> _What you will do_
Line by line, copy out the data below exactly.
:: Data extract
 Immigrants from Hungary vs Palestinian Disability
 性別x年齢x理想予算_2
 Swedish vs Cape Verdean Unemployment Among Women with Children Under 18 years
::::
> _Written reply_
 Immigrants from Hungary vs Palestinian Disability
 性別x年齢x理想予算_2
 Swedish vs Cape Verdean Unemployment Among Women with Children Under 18 years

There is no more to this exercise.